The BDN Opinion section operates independently and does not set newsroom policies or contribute to reporting or editing articles elsewhere in the newspaper or on bangordailynews.com.

Dave Del Camp is a retired merchant mariner and a part-time blogger. He resides in Portland.

As the story goes, my mother was at work in a Chicago office building when the call came. It was short, her sister’s voice serious and the message simple: Get home immediately. She didn’t ask questions. Because when you’re 16 years old, your country’s at war and a call like that comes in, you get home.

The year was 1944, and the Army chaplain had been to the Rossi home to inform my beloved grandmother Mrs. Rossi that her only son had been killed in action.

By all accounts, my grandmother skipped the crying and went directly to the screaming.

His name was Bernard Frank Rossi, and he was 23 years old.

He died 13 years before I was born, but there was never a time when memories of him were far removed from the conversations of my grandparents, my mother or her two sisters.

Despite my curiosity about the uncle I never met, there’s still so much that remained a mystery.

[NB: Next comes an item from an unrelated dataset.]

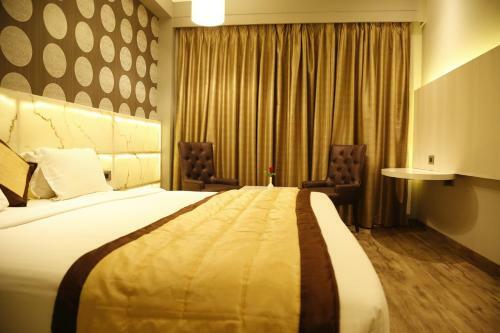 Hotel Orange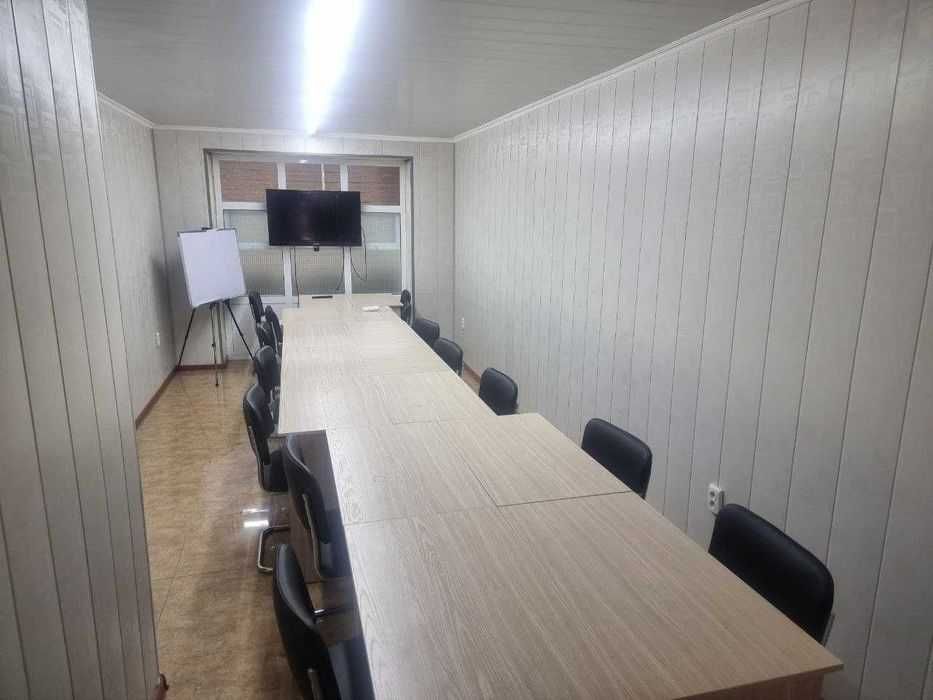 Офис 60м2 Ориентир Учтепа 23 квартал (30836)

Did my grandparents cry tears of joy when their only son was born to these Italian immigrants over two decades prior? How could they have ever known their only son would later die, one of 416,800 other brave Americans whose lives were claimed during World War II? Although I’m certain I know the answer, was there anything that could have ever prepared them for that visit from that Army chaplain?

Years later, while going home at night in a crowded Buick after a celebration of my grandparents’ 50th wedding anniversary, I remember listening to my parents’ quiet conversation. My dad mentioned to my mother how subdued my grandfather seemed throughout the night. She told him, “I think he was missing Ben,” followed by silence.

Sometimes there are no words.

I only remember in that moment feeling angst for my grandparents, my mother and her sisters.

Looking back on my younger self, I’m sure my 12-year-old mind could not have fully comprehended the multitudes of hearts that have, over our country’s history, been broken with inconsolable anguish, or the oceans of tears that have been shed, or the terrible cost of freedom, the way I do now.

Now at the age of 96, my mother is the last survivor of a Gold Star family that was forever changed by the loss of a brother and a son. A family that, as Abraham Lincoln wrote in a letter to Gold Star mother Lydia Bixby during the Civil War, “laid so costly a sacrifice upon the altar of freedom.”

Lately, malcontents within our society seem determined to fan the flames of neo-Nazi and/or totalitarian sentiment. Their attempts at silencing dissenting opinions betray their revulsion of our American values. These efforts have manifested themselves, (perhaps now, more than ever), in various forms of racist accusations, division, censorship, lies, greed and corruption.

On behalf of our fallen, we mustn’t let them succeed. Because if there’s one thing we all do share, it’s the freedom borne of the sacrifices made by those who gave so much throughout our history, those who died serving this country.

This Memorial Day, it is fitting to solemnly remember those heroes who lost their lives fighting and dying in defense of the things we cherish most: our freedoms, our Constitution and our way of life.

Are we a country so divided by political, economic and cultural differences that we can’t take time to appreciate the freedoms purchased by the blood and treasure of so many young American lives?

Personally, I hope and pray that’s not the case. Because, throughout the nasty, contentious bickering and disagreements we will continue to have over the years, there is something we should understand, and it is this: The freedom to do so is not despite the sacrifices made by those brave heroes. But rather, because of them.